Amanda – Relatos trágicos para compartir

Amanda

Desde el primer momento supe que las cosas no iban a ir bien. Nunca, en toda una vida, he leído o escuchado de alguien que haya tenido un trato con la mafia y haya salido, en el mejor de los casos, vivo.

Sin embargo, y aun en esta situación, me convenzo de que eso era lo mejor que podía hacer en el momento. Necesitaba el dinero, y no para irme de juerga precisamente. Mi hermano menor necesitaba con urgencias un trasplante de corazón, y ni aun juntando el salario de todos los de la familia lográbamos reunir el maldito dinero.

Estaba desesperado ¡Joder!… Nunca pensé que me despedirían a la semana, menos por concepto de “Necesidad de la empresa”. Esa excusa no era creíble ni para ellos ni para nadie.
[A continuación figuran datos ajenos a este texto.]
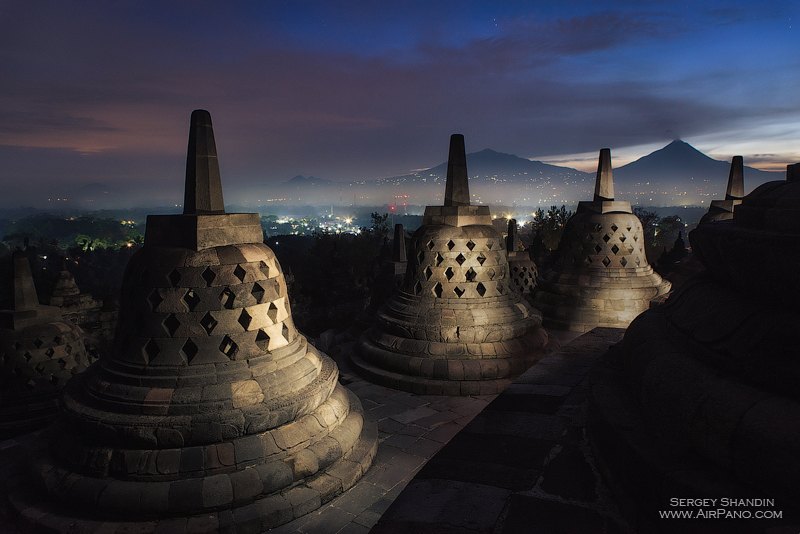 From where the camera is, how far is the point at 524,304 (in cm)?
809

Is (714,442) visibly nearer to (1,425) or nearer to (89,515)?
(89,515)

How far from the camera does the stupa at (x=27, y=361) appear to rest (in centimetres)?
760

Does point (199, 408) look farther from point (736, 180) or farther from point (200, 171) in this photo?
point (736, 180)

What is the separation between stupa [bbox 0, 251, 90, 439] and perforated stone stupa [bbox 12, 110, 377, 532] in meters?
4.50

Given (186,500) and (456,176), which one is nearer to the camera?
(186,500)

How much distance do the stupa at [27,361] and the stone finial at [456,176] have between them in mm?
7109

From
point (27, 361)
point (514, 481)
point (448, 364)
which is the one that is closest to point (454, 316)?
point (448, 364)

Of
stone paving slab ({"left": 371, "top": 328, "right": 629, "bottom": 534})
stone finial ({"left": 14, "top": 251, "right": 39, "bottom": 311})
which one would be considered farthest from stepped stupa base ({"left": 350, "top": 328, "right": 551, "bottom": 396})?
stone finial ({"left": 14, "top": 251, "right": 39, "bottom": 311})

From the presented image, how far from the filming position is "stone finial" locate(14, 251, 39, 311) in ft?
25.2

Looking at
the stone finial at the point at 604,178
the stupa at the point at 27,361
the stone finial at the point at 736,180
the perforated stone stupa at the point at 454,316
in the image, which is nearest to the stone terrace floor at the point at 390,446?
the perforated stone stupa at the point at 454,316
Sentía odio, rencor. Estaba enojado conmigo y con el mundo. ¿Qué culpa tenía un ser tan pequeño como mi hermano de las injusticias del “sistema”? Si no tienes dinero, puedes morir de hambre y a nadie le importa.

La voz de Amanda logró sacarme de mi cabeza. La miré y sonreí al verla tan distraída a mi lado coreando canciones que yo no conocía. Se veía feliz. Todo lo opuesto a mí que, lo único que podía hacer por el momento, era mirar por el retrovisor y acelerar al máximo; y es que, aunque no los viera, sabía que nos seguían. Peor aún, sabía que nos encontrarían.
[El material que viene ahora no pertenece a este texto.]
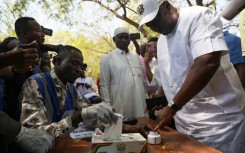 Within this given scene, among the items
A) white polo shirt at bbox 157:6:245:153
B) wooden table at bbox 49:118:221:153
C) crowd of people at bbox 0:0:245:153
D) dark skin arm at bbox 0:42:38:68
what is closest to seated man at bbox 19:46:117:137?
crowd of people at bbox 0:0:245:153

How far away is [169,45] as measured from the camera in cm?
199

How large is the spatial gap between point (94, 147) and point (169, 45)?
39.4 inches

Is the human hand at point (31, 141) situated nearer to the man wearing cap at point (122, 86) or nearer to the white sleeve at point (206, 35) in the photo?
the white sleeve at point (206, 35)

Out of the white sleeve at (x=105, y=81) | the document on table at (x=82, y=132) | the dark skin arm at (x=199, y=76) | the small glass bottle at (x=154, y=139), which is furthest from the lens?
the white sleeve at (x=105, y=81)

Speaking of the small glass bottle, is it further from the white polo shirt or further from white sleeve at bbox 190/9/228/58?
white sleeve at bbox 190/9/228/58

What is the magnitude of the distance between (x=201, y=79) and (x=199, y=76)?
0.9 inches

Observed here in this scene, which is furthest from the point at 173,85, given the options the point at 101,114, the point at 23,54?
the point at 23,54

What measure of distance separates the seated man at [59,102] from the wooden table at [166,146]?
12 centimetres

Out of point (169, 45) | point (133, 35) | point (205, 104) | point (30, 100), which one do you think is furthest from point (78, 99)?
point (133, 35)

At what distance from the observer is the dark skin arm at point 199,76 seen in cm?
165

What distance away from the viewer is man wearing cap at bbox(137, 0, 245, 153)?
1.67 meters

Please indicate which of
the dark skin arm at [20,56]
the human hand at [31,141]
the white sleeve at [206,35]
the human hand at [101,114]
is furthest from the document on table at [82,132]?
the white sleeve at [206,35]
– Nunca pensé que pasaría esto.

– ¿Qué cosa? – Respondí algo nervioso.

– Esto. – La miré confundido. – Un tú y yo. Camino al campo para ver las estrellas.

– Pensé que sería un lindo recuerdo. – Mentí. No quería admitir que las cosas se habían salido de control. “No hace falta decir qué es lo que podría pasarle a tu querida Amanda si te atrasas con el pago, ¿cierto?” Malditos magnates. Como si la vida de la gente fuese un juego.

Detuve el jeep en medio del campo y mientras Amanda bajaba algunas mantas dirigí mi vista hacia la carretera. Aun no estaban aquí.

Caminamos algunos metros como si tuviésemos todo el tiempo del mundo. Bromeamos a veces, nos besamos otras, pero siempre disfrutando el momento. Acomodamos las mantas en un lugar cerca de un lago y nos tendimos en ellas. Amanda se recostó en mi pecho y comenzó a hablar del futuro. Cómo dolían sus palabras. Y así, soñando despierta, se quedó dormida. “No, Amanda, no. Nunca nos casaremos, nunca tendremos hijos ni seremos felices para siempre”. Pensé.

Poco después el sonido de un motor me alertó y supe que era el momento.

Saqué una calibre 9mm y la apunté a su corazón. Y antes de que el miedo, la culpabilidad y la desesperación por lo que iba a hacer hicieran mella en mi mente… Disparé.

Abracé el cuerpo aun tibio con todas mis fuerzas y lágrimas comenzaron a inundar mis mejillas, el dolor en mi pecho era casi insoportable y la culpabilidad amenazaba con robarme la razón. No soportando la escena que yo mismo provoqué, dirigí el arma hacia mi pecho y antes de que pudiese disparar un fuerte golpe azotó en mi cabeza.

– Al menos ella está a salvo. – Susurré.  Y antes de caer en la inconciencia, reí por lo irónico que había sido aquél comentario.